Pinterest, the social image-sharing site known predominately for wedding planning and recipe dissemination, released its first transparency report on Friday. While the government – unsurprisingly – makes few requests of this most bubbly of social networks, the report seems to carry a broader message: If your company stores user data, the government is likely to ask for it at some point.
The company claims it received seven warrants, five subpoenas, and no other requests between July and December 2013. In all, government requests for user-data affected just 13 accounts.
Only United States law enforcement agencies made requests of Pinterest and among those, 11 of the 12 requests were made by state and local rather than federal agencies. California made four requests, Florida made two, Utah made two, and New York, Oregon, and Wisconsin each made one request.
Pinterest claims its policy is to notify its users when the government comes asking for their data unless they are prohibited by law to do so. Only in three cases was Pinterest prohibited from informing their users.

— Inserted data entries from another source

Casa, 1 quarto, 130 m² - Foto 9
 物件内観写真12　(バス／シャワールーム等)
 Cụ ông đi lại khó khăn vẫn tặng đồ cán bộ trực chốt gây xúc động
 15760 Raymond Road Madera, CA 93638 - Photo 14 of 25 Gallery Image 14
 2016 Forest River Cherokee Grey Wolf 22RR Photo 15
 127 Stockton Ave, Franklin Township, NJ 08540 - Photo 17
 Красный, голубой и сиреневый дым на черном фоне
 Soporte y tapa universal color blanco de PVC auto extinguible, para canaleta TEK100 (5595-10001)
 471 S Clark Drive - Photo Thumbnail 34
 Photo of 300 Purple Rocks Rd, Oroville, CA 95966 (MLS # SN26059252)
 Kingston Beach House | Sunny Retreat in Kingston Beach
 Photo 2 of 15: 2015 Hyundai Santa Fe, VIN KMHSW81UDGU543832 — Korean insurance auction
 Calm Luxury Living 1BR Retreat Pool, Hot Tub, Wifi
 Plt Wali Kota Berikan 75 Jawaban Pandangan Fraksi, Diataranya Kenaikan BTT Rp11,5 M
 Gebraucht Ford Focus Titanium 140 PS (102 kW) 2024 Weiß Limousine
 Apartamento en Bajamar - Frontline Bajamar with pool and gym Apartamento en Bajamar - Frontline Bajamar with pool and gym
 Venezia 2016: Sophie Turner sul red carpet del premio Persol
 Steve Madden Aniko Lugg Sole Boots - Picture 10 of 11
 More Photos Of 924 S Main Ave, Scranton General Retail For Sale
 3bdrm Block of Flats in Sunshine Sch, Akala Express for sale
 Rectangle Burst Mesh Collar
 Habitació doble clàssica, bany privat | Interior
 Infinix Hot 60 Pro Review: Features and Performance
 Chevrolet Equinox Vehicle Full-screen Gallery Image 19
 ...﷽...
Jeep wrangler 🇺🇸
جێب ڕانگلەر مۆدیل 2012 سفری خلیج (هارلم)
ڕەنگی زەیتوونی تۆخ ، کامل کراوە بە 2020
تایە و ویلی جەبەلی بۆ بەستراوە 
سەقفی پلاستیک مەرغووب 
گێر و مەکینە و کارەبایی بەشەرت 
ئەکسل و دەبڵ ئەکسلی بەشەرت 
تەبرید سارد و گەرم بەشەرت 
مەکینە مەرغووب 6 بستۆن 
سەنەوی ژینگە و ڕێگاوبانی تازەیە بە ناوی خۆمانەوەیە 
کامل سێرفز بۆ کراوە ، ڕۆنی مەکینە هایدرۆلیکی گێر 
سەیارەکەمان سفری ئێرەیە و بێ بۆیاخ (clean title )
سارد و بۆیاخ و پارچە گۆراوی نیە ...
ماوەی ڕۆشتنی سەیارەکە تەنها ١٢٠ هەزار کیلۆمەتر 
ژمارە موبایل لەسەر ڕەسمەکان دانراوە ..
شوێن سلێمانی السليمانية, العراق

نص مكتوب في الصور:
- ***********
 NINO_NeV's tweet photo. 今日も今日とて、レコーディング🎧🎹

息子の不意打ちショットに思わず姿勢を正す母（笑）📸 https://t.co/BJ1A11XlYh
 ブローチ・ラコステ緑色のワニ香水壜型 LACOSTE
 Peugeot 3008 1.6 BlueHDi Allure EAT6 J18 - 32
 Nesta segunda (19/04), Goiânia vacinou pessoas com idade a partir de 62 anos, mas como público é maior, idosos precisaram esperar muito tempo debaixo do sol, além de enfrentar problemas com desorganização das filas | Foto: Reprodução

“Also,” the company says, “while the vast majority of requests are straightforward and routine, there are some occasions where we the nature, scope or content of the request is objectionable or defective in some way, in which case, we’ll reject the request.”
A quarterly breakdown in the report reveals that law enforcement requested user information more frequently in the third quarter than in the fourth.
Other notable transparency reports – like those of CloudFlare and Microsoft – paint a very different picture about the nature of law enforcement data requests.